Abdi menggeleng kuat-kuat. Kalau dirinya menjawab seperti itu, maka keraguan Sekar akan berangsur-angsur menghilang. Sekar akan mengetahuinya dan BOOM permasalahan ketakutan Abdi kepada perempuan akan menjadi hal yang sangat besar. Abdi tidak akan membiarkan perempuan itu mengetahuinya. Sekar Cempaka Putri, wanita asing yang beberapa hari mengusik hatinya, menganggu kisah cintanya yang indah dengan Keluarga Ndalem dan cinta-cintanya yang halal. Ia tidak mau, walaupun perempuan cantik jelita dihadapannya ini memiliki latar belakang seorang Ning, namun tetap belum pasti kebaikannya dan tidak tentu seperti wanita yang ia idam-idamkan selama ini atau bukan. 

Tidak pasti juga. Sekar juga wanita yang kecil, mungil, imut, menggemaskan. Suaranya lembut dan merdu. Sikapnya sopan dan tenang. Gayanya anggun. Tidak banyak bercakap, apabila berkoar-koar.

TIDAK.

Abdi tidak akan membiarkan kejadian itu terjadi lagi. Kejadian menakutkan itu hanya akan terjadi satu kali dalam hidupnya Walaupun perempuan dihadapannya memiliki sifat-sifat dan gaya yang sama dengan wanita di masa lalunya, yang berakhir dengan trauma. Abdi tidak akan membiarkannya.
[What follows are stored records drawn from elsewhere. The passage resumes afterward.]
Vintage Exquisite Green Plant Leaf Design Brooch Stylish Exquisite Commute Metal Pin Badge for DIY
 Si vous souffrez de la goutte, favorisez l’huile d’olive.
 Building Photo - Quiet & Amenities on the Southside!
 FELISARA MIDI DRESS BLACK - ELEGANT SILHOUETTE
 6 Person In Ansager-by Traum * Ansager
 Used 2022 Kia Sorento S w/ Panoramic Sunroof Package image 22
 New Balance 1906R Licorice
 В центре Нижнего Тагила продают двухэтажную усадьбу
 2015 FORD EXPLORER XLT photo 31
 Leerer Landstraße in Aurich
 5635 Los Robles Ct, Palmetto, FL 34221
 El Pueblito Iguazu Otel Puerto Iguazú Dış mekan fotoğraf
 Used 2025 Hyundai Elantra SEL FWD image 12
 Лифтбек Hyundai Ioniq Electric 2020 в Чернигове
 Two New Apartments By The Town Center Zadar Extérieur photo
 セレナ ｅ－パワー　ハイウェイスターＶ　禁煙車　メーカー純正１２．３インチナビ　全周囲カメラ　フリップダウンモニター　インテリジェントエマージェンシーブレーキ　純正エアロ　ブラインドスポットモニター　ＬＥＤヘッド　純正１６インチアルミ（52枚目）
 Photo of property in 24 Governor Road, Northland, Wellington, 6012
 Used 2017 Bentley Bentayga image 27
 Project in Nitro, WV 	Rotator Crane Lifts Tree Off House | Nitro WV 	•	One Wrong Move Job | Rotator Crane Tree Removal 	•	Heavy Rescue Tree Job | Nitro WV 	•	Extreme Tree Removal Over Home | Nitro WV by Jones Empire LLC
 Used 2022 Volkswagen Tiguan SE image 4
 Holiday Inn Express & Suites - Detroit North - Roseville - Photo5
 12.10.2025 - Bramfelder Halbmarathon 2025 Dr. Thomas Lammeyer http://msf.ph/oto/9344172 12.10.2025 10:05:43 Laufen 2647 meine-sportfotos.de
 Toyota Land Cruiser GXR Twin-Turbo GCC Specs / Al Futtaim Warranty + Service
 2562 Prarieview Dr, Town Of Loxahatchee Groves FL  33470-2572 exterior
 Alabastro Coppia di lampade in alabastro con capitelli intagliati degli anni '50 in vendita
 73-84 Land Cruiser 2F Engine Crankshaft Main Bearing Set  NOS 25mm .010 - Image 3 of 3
Karena apapun yang terjadi, dia tetaplah wanita yang belum halal. 

“Tidak.” Abdi menggeleng atas pertanyaan Sekar. Gelengan yang sangat kuat, terlihat begitu mantap. 

“Lucu sekali ada orang yang takut sesama manusia. Iya, kan?” Imbuhnya sambil tertawa pelan. Tawa yang kelihatan sekali tidak natural. 

“Sekar, aku memang wibu, tapi ya.. aku tidak sampai seperti hikikomori.”